I can’t run away from it. I can’t get it to be quiet. Every little thing pokes it and makes it angrier.
Today is not a good day. The monster inside my head is old but no less powerful when she’s thrashing about.
I’m reading a book about the art of loving. I’m practising loving kindness meditation. I’m writing about gratitude in my journal. I’m doing all the things that I should be doing to escape the monster.
Maybe it is not the escaping that I should be focusing on. Maybe it is the loving, the meditating, the gratitude.
These are all just items on a checklist. My daily Things To Do To Get Through.
What’s that saying? “The only way out is through.”
Or the other one: “You grow through what you go through.”
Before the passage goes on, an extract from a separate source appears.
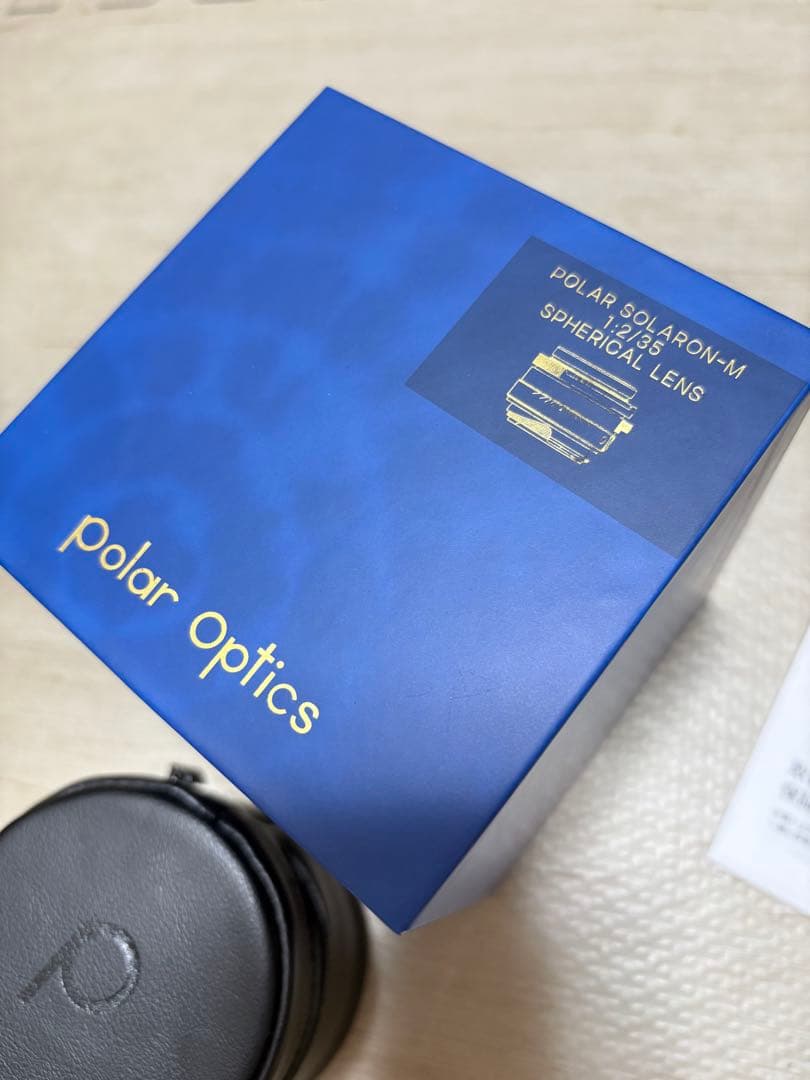 【美品】Polar Solaron 35mm F2 7枚復刻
Maybe I should love the monster; offer her some loving kindness; fill her with loving presence; extend gratitude to her for sticking with me, for making me hear her.
Maybe she’s not a monster. Maybe she’s my greatest protector, my strongest voice, my biggest defender…and I’ve rarely listened to her. No wonder she’s so angry.
I’ve ignored her wisdom about us. I’ve taken on too much. I’ve told too many stories to myself and about myself that don’t match up with values that I haven’t yet solidified.
I’m in a valley right now on my journey. I’ve come down a hill and now I’m facing another climb. It feels hard. But knowing that life is all valleys and hills and rarely a flat road helps.
I will sit with my monster for a while and build up strength for the climb.